Balancing small firms’ growth, competition

sme

Samson Biwott, General Manager of Tarakwo Dairies in Tarakwo, Uasin Gishu County shows Lala milk, which they produce on September 28, 2021. PHOTO | JARED NYATAYA | NMG

Summary

  • Unfair exclusive agreements imposed by big players foreclose the distribution chain by creating barriers to entry and expansion, while price fixing contraventions render certain services inaccessible to MSMEs.
  • Governments may also affect the operations of these firms through their regulatory regimes including licensing.
  • The Competition Authority of Kenya (CAK) aims to, among other things, extinguish these challenges facing MSMEs, including advising the national and the county governments to pass regulatory regimes that support investment climate.

Discussions on reinvigorating the business environment in Kenya usually pivot to the fact that Micro, Small and Medium Enterprises (MSMEs) contribute about 34 percent of the country’s Gross Domestic Product and employ approximately 15 million people.

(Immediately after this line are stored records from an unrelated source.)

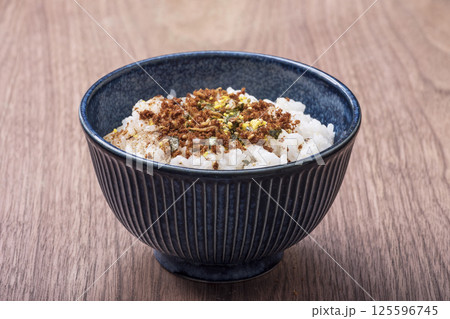 ふりかけをかけたご飯　鰹とたまごのふりかけご飯　ご飯の友　ご飯のお供　食文化　イメージ素材 125596745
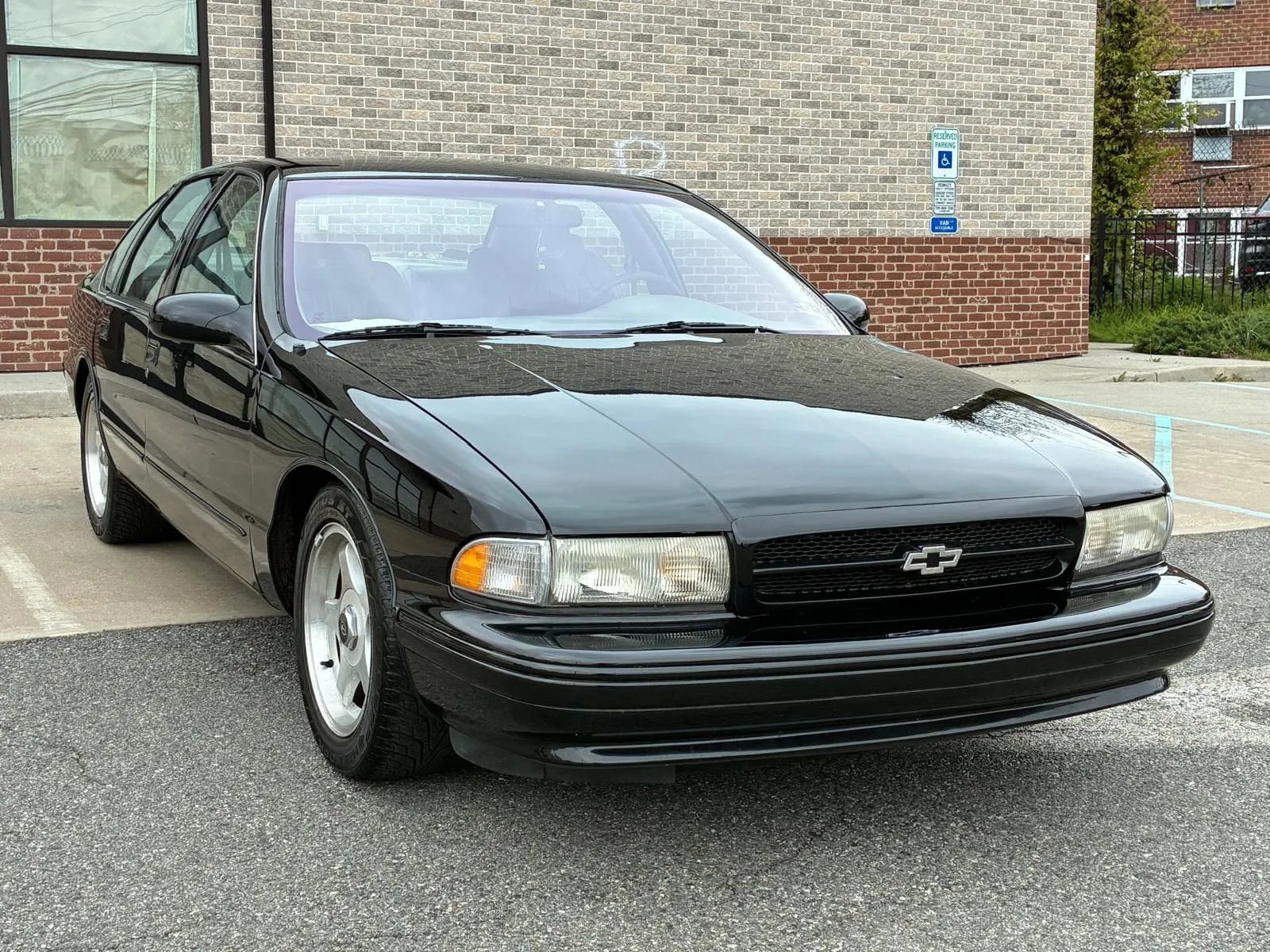 Used 1996 Chevrolet Impala SS RWD image 8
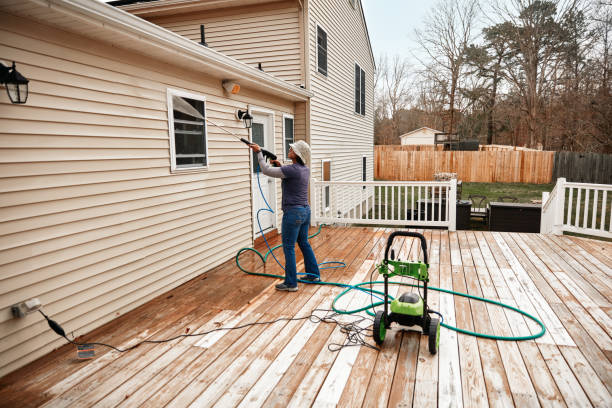 Best Roof Pressure Washing  in Mill City, OR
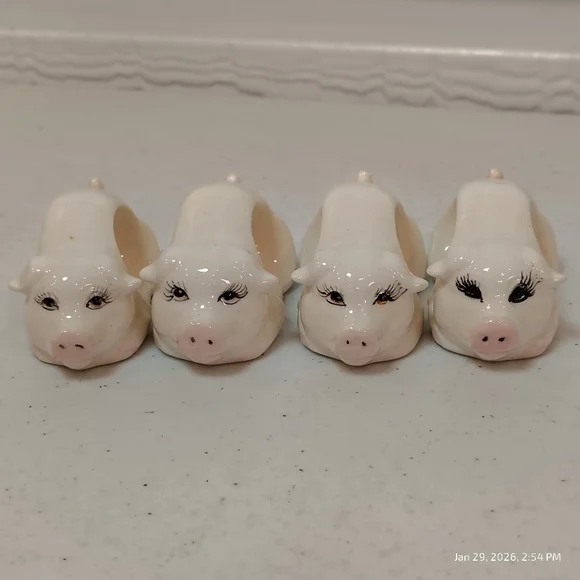 Ceramic Pig Napkin Ring Holders Set of 4 Country House Cottage Vintage WHITE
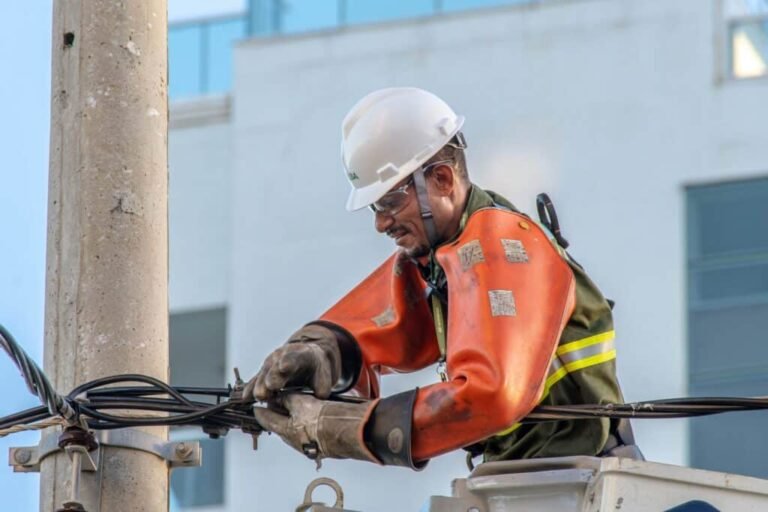 Modernização da rede elétrica suspende energia de áreas do Paranoá nesta segunda (23) Modernização da rede elétrica suspende energia de áreas do Paranoá nesta segunda (23)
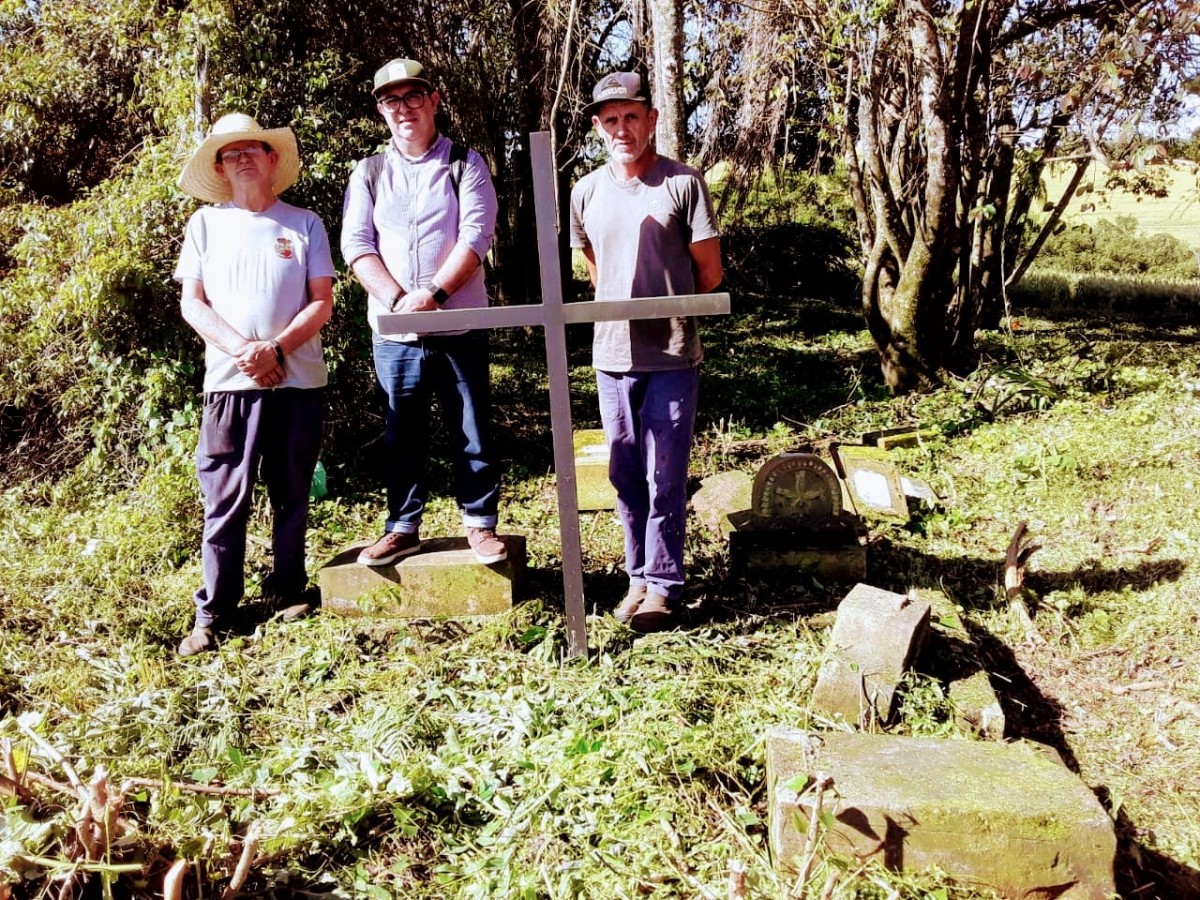 Prefeitura realiza limpeza e manutenção do Cemitério do Imigrante – Família Grolli, na localidade de Posse Barão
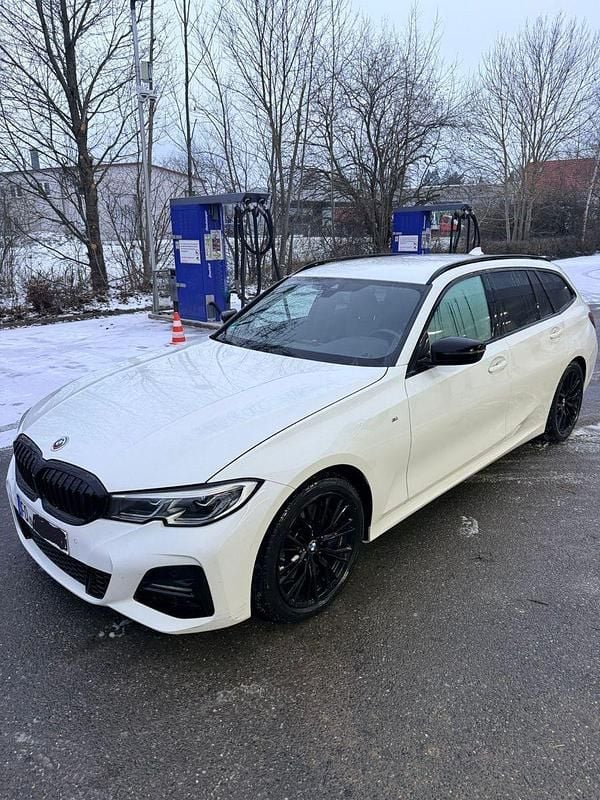 Gebraucht BMW 330 M Sport 265 PS (194 kW) 2020 Weiß Kombi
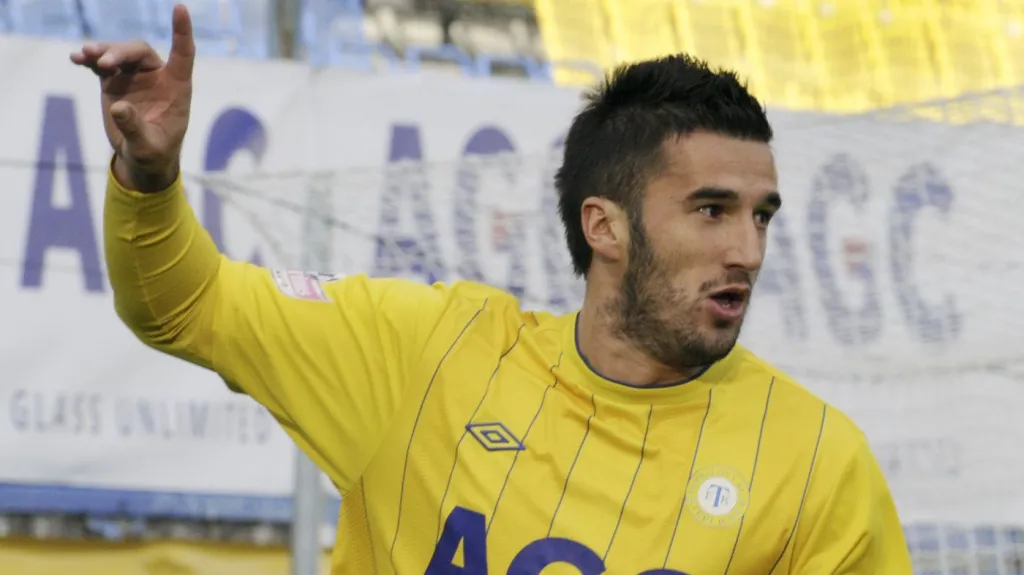 Aidin Mahmutovič se raduje z gólu 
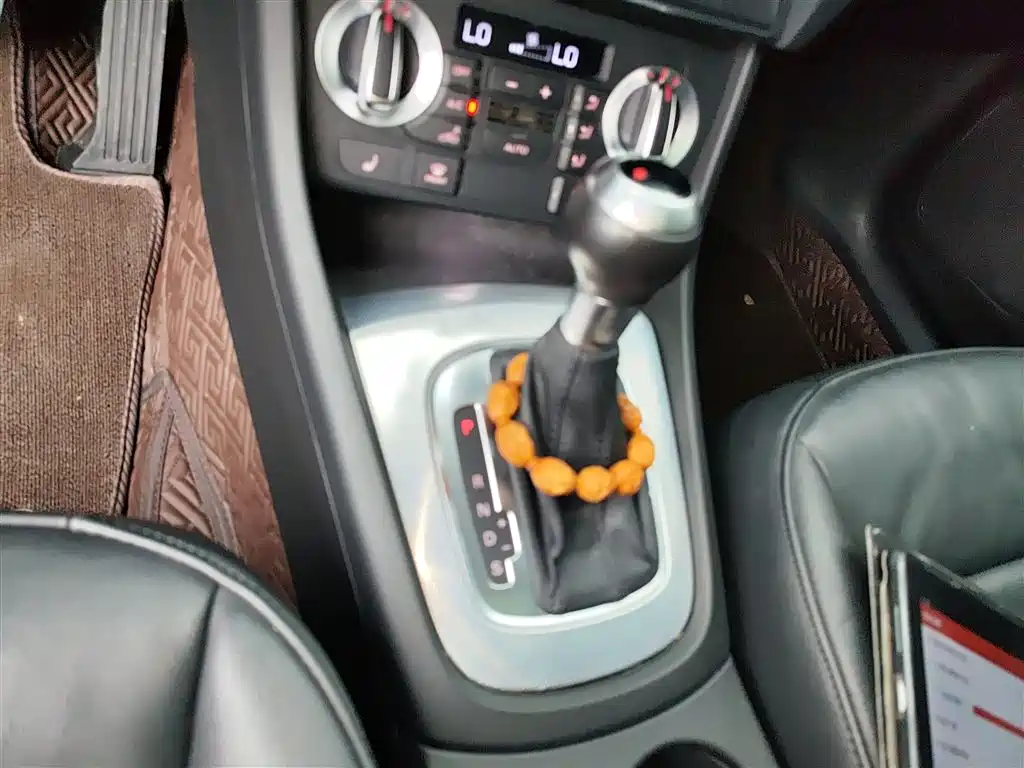Audi Q3 2015 35 TFSI Comfort фото 14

Unfortunately, a fifth of these small firms fail in their first year and just a third survive past their tenth birthday.

This low survival rate is attributed to the hurdles disproportionately facing MSMEs, such as unfair competition practices, including incidents where buyer firms with superior bargaining power delay payments, impose unfair contract terms, or transfer costs when dealing with suppliers.

Additionally, unfair exclusive agreements imposed by big players foreclose the distribution chain by creating barriers to entry and expansion, while price fixing contraventions render certain services inaccessible to MSMEs.

Governments may also affect the operations of these firms through their regulatory regimes including licensing.

These costs add to the financing strain facing MSMEs purchasing equipment for expansion, thereby stalling their growth.

The Competition Authority of Kenya (CAK) aims to, among other things, extinguish these challenges facing MSMEs, including advising the national and the county governments to pass regulatory regimes that support investment climate.

The CAK has intervened in various sectors which support MSMEs, including agriculture and manufacturing.

Additionally, interventions against big businesses disenfranchising their smaller supplier partners has occasioned the release of more than Sh2.5 billion to MSMEs operating in the retail and insurance space.

The CAK has supported the bargaining position of MSMEs entering into agreements with buyers by developing template contracts to guide the process.

Such interventions and more resonate with the theme of this year’s World Competition Day — Competition Policy for an Inclusive and Resilient Economy — marked on December 5.